UPDATED: Wed., Jan. 20, 2021

One of the ways cooks should maintain kitchen knives is by honing with a knife steel or rod. Often people refer to these as knife sharpeners, but that is incorrect. Honing the knife recalibrates and restores the angle of the blade’s edge to its original form.  (Pixabay)
One of the ways cooks should maintain kitchen knives is by honing with a knife steel or rod. Often people refer to these as knife sharpeners, but that is incorrect. Honing the knife recalibrates and restores the angle of the blade’s edge to its original form. (Pixabay)

Purchasing a quality chef knife is a great first step for a beginner home cook, but the quality of the knife soon won’t matter if it isn’t cared for.
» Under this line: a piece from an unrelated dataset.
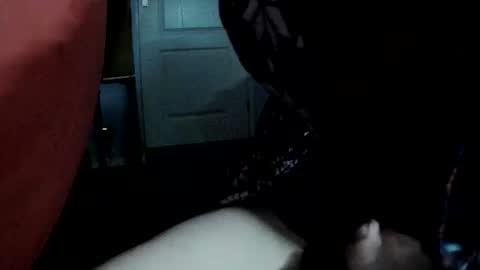 latexchris77 online show from February 21, 8:06 am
Luckily it only requires a few habits and precautions to ensure the knife lasts for many years to come.

When it comes to storage, the last place you want to store a knife is loose in a drawer with other equipment. Not only is this a bit dangerous, but it means your knives will be shifting around against other hard materials which could dull and potentially scratch or chip the blade. Knife blocks are a step up but not always the best option. Not only do you not really need a whole block of different knives, but they can also make unintended contact with the cutting edge as the knives are slid into the slots and can dull the edge over time. The slots can also collect dust and debris. That said, if you prefer to use a block, it will do the job just fine.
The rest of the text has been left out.